Wall Street Journal: The Science-Backed Strategies That Will Actually Help You Eat Better
We know what we should eat. Trouble is, most of us have a hard time sticking to it.
Researchers are racing to understand what pushes people to make healthier food choices. They are finding that broad resolutions to “eat better” are less effective than setting a couple of smaller rules, that eating with other people is helpful and that grocery shopping online can be better than going to the store.
The issue is urgent: The number of Americans who are overweight or have obesity is rising. Nearly three-quarters of U.S. adults ages 20 and older are overweight or obese, according to 2017-2018 figures from the Centers for Disease Control and Prevention, and some surveys have found that obesity rates rose further during the pandemic.
Doctors and scientists broadly agree that a healthful diet is rich in vegetables, fruits, whole grains and lean meat and poultry—and is composed of fewer foods linked to poor health, including sugar-sweetened foods and drinks, refined grains and large amounts of red meat. Yet most of Americans don’t consume the recommended amount of vegetables, and three-quarters overeat refined grains, such as white bread, according to a government report.
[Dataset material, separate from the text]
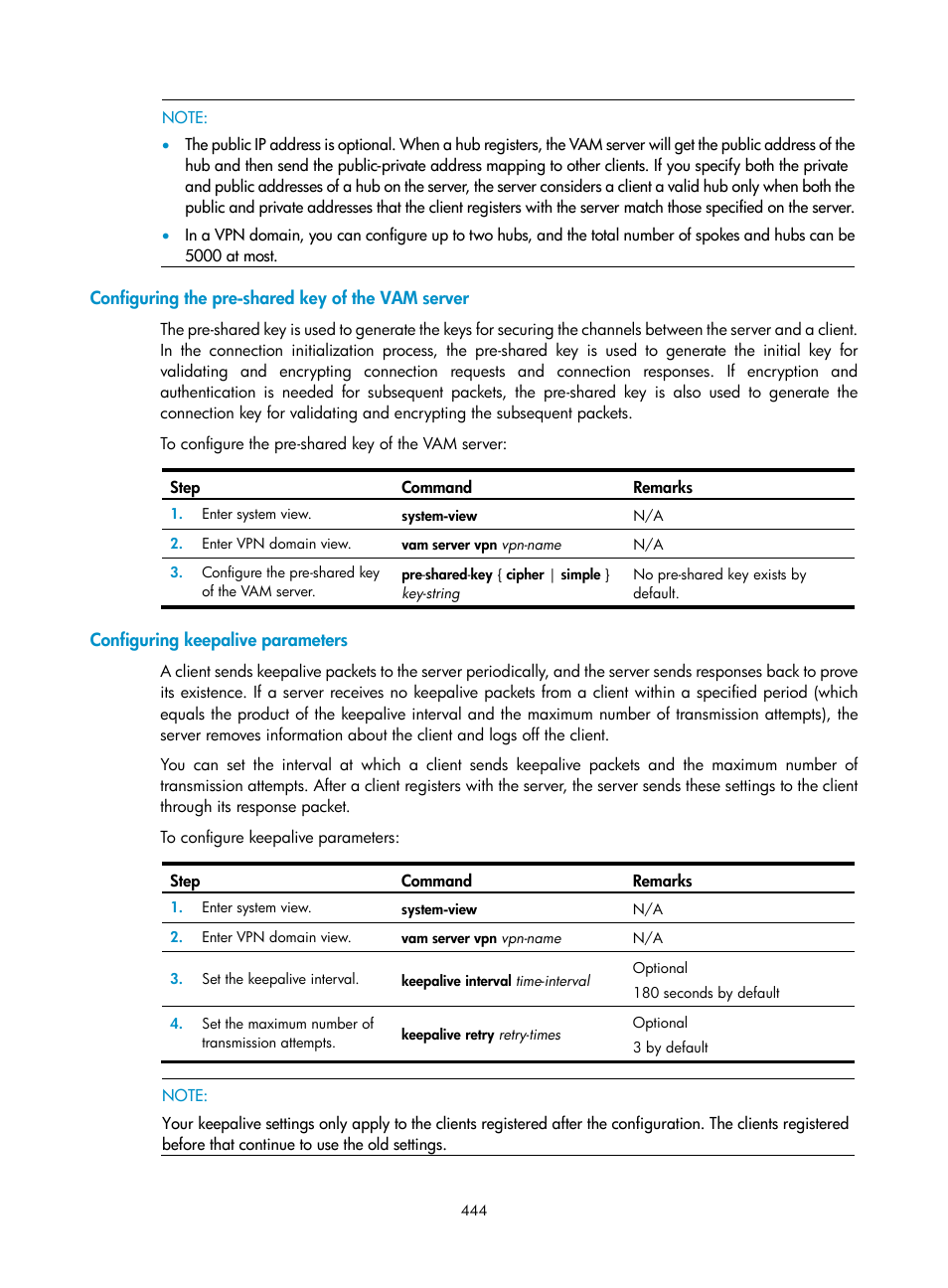 Configuring the pre-shared key of the vam server, Configuring keepalive parameters | H3C Technologies H3C SecPath F1000-E User Manual | Page 456 / 490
“We’re living in a time where there’s food everywhere. You go to buy a hammer and there’s soda in the checkout line,” says Erica Kenney, assistant professor of public health nutrition at the Harvard T.H. Chan School of Public Health. “People berate themselves, but they are fighting against the environment.”
Whether you are trying to overhaul your diet, resist the peanut-butter cups in the checkout aisle or maintain the good habits you already have, research suggests some ways to make healthy eating easier.
Set one or two specific rules, and stick to them.
People are more likely to act on a plan if it consists of simple steps, psychology research has found. Having one broad goal—such as, “I’m going to eat better”—generally isn’t effective.
Pick one or two specific eating rules and stick to them—and think of yourself as someone who doesn’t do those things. For instance: I don’t consume sugary drinks. Or I don’t eat fried foods. Or I don’t eat dessert during the week.
Restricting yourself in multiple ways makes it harder to stick with good intentions, says Christina A. Roberto, associate professor of health policy at the University of Pennsylvania’s Perelman School of Medicine.
Conversely, setting a rule “just takes the decision out of it,” says Deborah F. Tate, professor at the Nutrition Research Institute at the University of North Carolina.